§ **Short text fragments from websites**:
--------------------------------------------------
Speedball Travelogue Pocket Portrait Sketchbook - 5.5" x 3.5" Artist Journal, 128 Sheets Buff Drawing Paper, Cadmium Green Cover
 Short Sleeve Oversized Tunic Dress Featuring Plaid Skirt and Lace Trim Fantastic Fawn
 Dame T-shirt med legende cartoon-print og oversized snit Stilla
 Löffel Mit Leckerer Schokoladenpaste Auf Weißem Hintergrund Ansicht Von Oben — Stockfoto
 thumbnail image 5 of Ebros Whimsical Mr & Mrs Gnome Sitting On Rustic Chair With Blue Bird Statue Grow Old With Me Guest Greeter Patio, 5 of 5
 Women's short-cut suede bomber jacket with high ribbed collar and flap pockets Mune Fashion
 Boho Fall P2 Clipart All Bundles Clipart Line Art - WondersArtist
--------------------------------------------------
§ **What to do**: Would you write out all of the data again, unchanged?

§ **Task solution**:
Speedball Travelogue Pocket Portrait Sketchbook - 5.5" x 3.5" Artist Journal, 128 Sheets Buff Drawing Paper, Cadmium Green Cover
 Short Sleeve Oversized Tunic Dress Featuring Plaid Skirt and Lace Trim Fantastic Fawn
 Dame T-shirt med legende cartoon-print og oversized snit Stilla
 Löffel Mit Leckerer Schokoladenpaste Auf Weißem Hintergrund Ansicht Von Oben — Stockfoto
 thumbnail image 5 of Ebros Whimsical Mr & Mrs Gnome Sitting On Rustic Chair With Blue Bird Statue Grow Old With Me Guest Greeter Patio, 5 of 5
 Women's short-cut suede bomber jacket with high ribbed collar and flap pockets Mune Fashion
 Boho Fall P2 Clipart All Bundles Clipart Line Art - WondersArtist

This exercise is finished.